## [PROBLEM]
In the copy, include all of the listing exactly and none of its pictures.
*** DATA SEGMENT ***
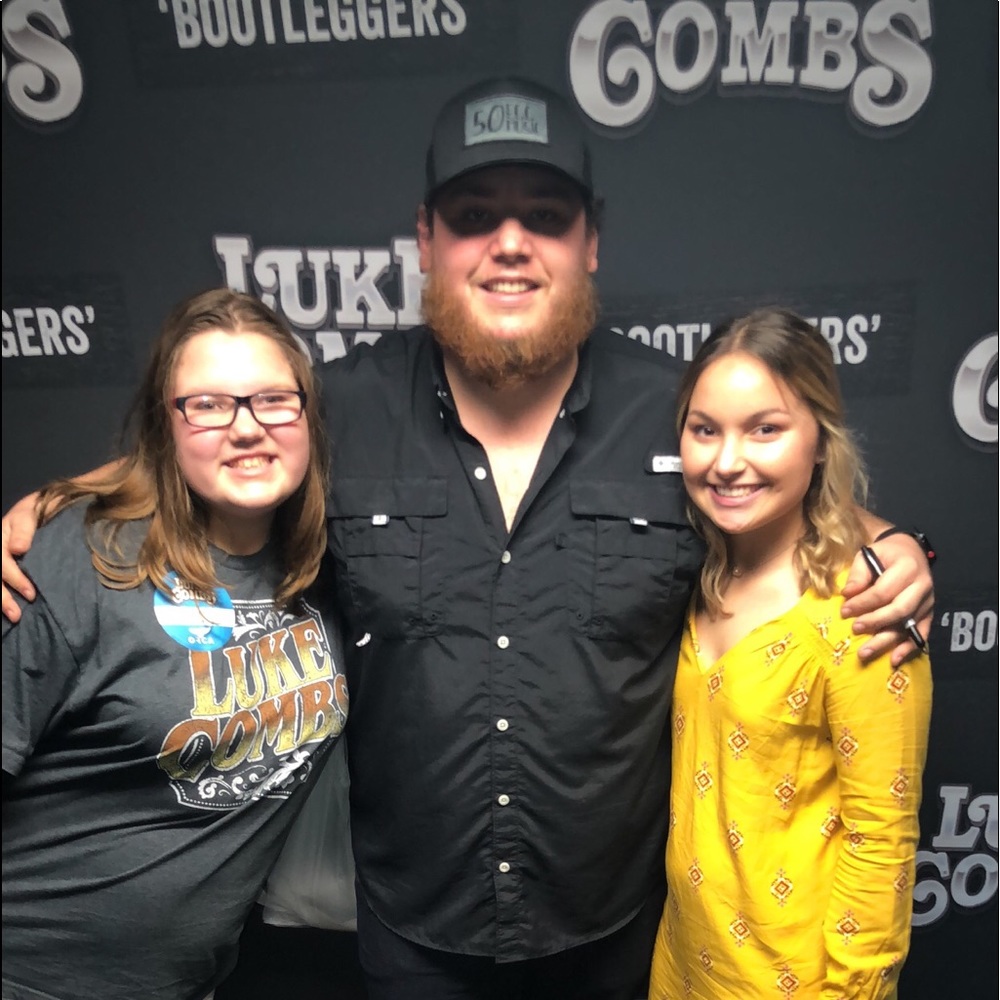 Meet your Posher, Averi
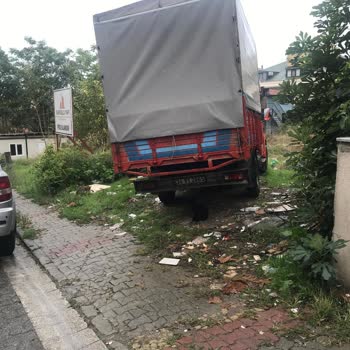 Ataşehir Belediyesi, Boş Arsa Ve Sokaklarda Artan Çöp Ve Pislik Sorununa Acil Çözüm Talebi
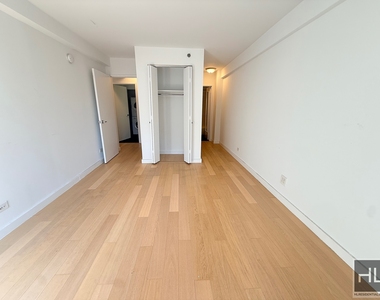East 39th Street - Photo Thumbnail 7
*** End of DATA SEGMENT ***
## [ANSWER BOX]
 Meet your Posher, Averi
 Ataşehir Belediyesi, Boş Arsa Ve Sokaklarda Artan Çöp Ve Pislik Sorununa Acil Çözüm Talebi
East 39th Street - Photo Thumbnail 7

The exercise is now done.